7 Replies Latest reply on Jul 13, 2016 6:01 AM by Jay Parikh

# Percentile of a dataset having a lot of similar values: RFM Analysis

I'm trying to do RFM analysis and I am confused how to divide the percentile for frequency.

I have a dataset of about 50,000 rows.

For frequency, i have:

54% of those are 1 orders

20% of those are 2 orders

and the rest is divided between values 3 through 54 orders.

By dividing it as it is in group of 20%, customers with 1 order are getting 3 different weights.

Should I just put all the 54% of 1 time buyers into the first percentile i.e. give the weight of 1? Would this be a fair way to do it?

Or should I put 1's and 2's into first percentile i.e. give weight of 1?

• ###### 2. Re: Percentile of a dataset having a lot of similar values: RFM Analysis

hi Jay,

So I think what you are saying here (and correct me if I'm wrong)...that in the Frequency part of your RFM model you are unable to split the customer down to the number you'd want in each percentile, as there are very few groups (ignoring the few customers who have purchased more than 2 times...who get put into 3 further groups)?

Without knowing which business you are in (so don't know the %age of customers ideally in each group)...this is absolutely fine. As it's only when you add the Recency (R) and Spend/Monetary-value (M) that customer fit in their final segment.

So for example (make things nice and easy and say we have 1000 customers)...you might well have, say, 40% (400 customers) of customers fitting in to your final group on Frequency (F), of say 5+ purchases.
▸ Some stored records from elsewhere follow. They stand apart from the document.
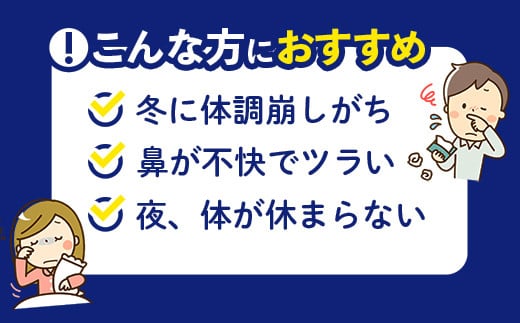 茨城県五霞町のふるさと納税 【キユーピー五霞工場】ディアレプラス30日分×1袋 - サプリ サプリメント 健康 花粉 ホコリ ハウスダスト 免疫 GABA ストレス緩和 機能性表示食品 茨城県 五霞町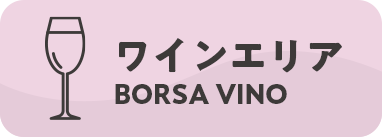 ワインエリア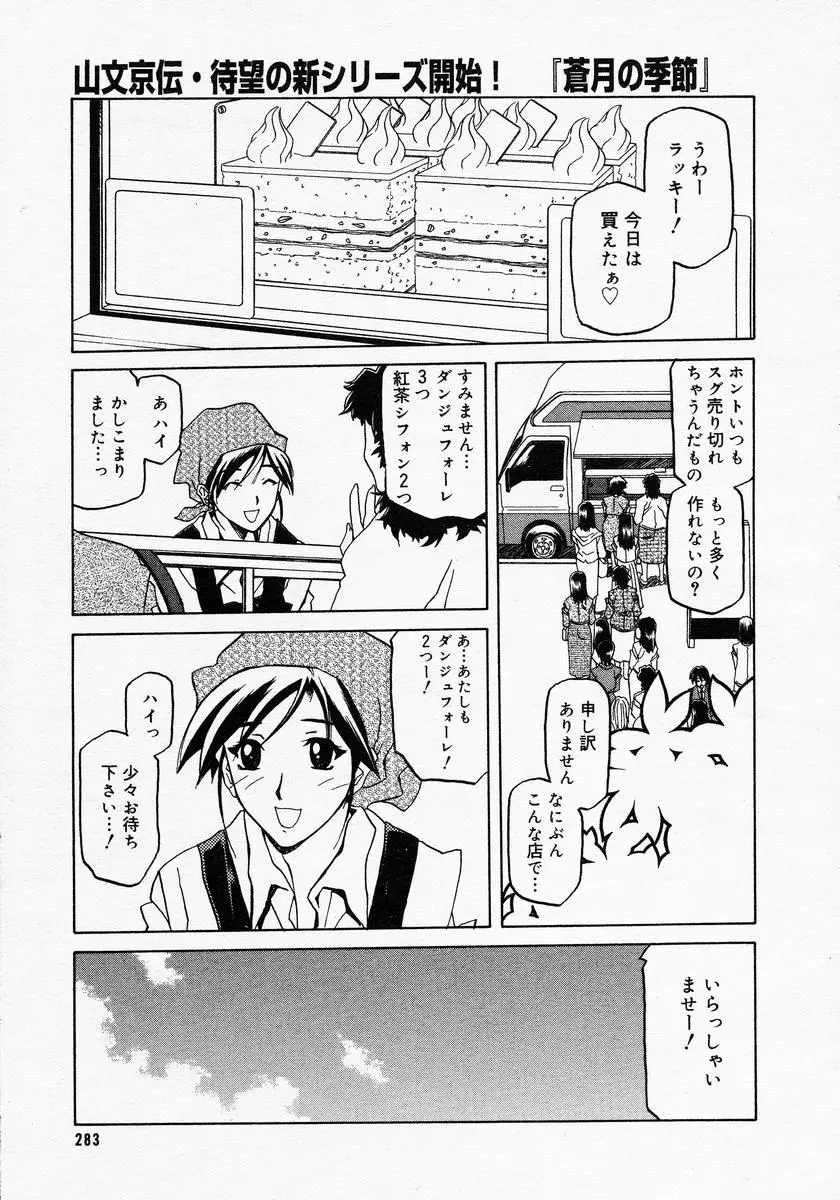 Page 281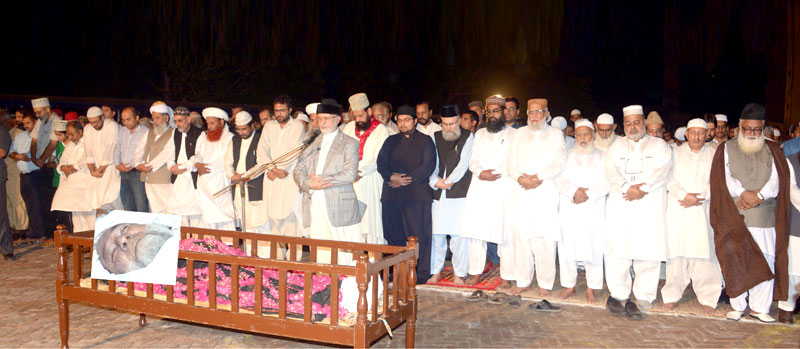 Services of late Ameer-e-Tehreek will always be remembered: Dr Tahir-ul-Qadri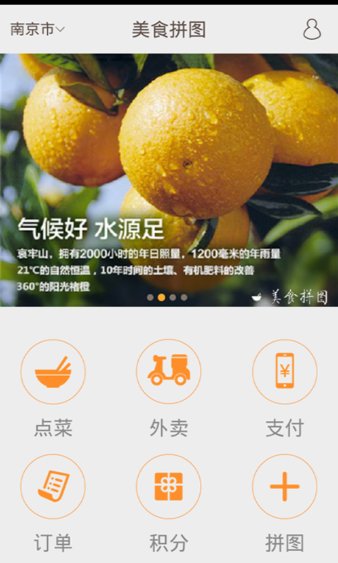 美食拼图软件(3)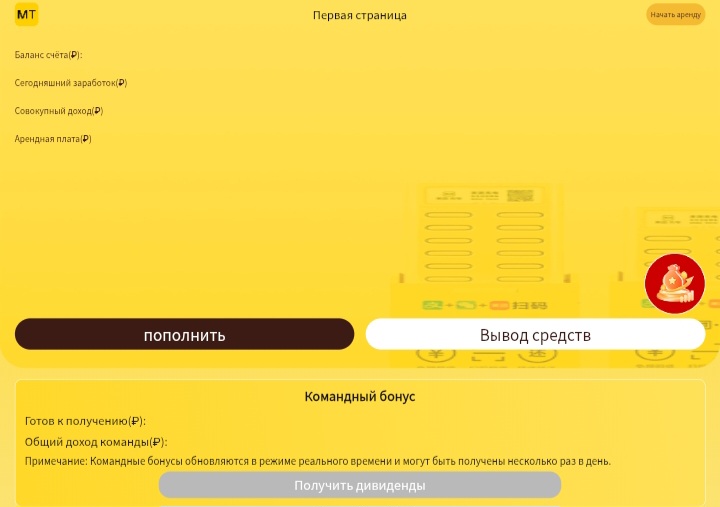 Meituan — как вернуть деньги со скама и что скрывается за «Мейтуан»-площадками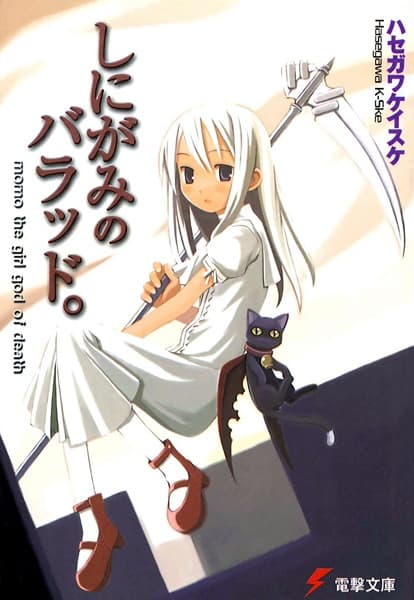 Обкладинка: ранобе «Ballad of a Shinigami»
However you might only have 10% of these in your most Recency (R) group, so 40 customers (or 4%)...then of these 40 you might only have 50% in your most valuable/high spend (M) classification (so 2% or 20 customers). So in your top group of, lets call them 'Gold', customers you only have 2% (or 20) despite having over 400 in the Top R group.

Hopefully I've understood your question, and the above helps, but if not let me know (ideally with some dummy data) and I can take another look.

• ###### 3. Re: Percentile of a dataset having a lot of similar values: RFM Analysis

Simon Runc

Hello

Thank you for the reply. To be more clear:

I'm doing RFM analysis on my dataset. I'm using a 1-5 scale(20%)

Someone who bought the product once and is high up in the list is getting F=1 since he belongs in the 1st percentile(20%). Another customer who buys the product once and is lower in the list is getting F=3 since he belongs in the 3rd percentile(60%). This happens because there so many 1's that it stretches up to 60%.

It really isn't fair to score them this way, irrespective of R and M value.

You might be able to understand it better in the image.

One solution to this which I came up with was assigning F=1 to all the customers who bought the product just once. That way, orders 2-6 can spread into F=2,3,4,5.

• ###### 5. Re: Percentile of a dataset having a lot of similar values: RFM Analysis

Hi Jay,

The method of assigning RFM segment numbers

is to divide the population into equal-size chunks,

hence equal percentiles. It could be 5 or 4 (or less)

of them along each axis -- you decide.

If 54% of your population bought only once,

then all of them will get Frequency quintile of 3.

Others would go to 4 and 5. This is expected.

If this result is of little use for your analysis,

you may want to shift a F=1 bound unequally (to 54% of total)

Then assign the rest their own scale and %ile numbers.

Yours,

Yuri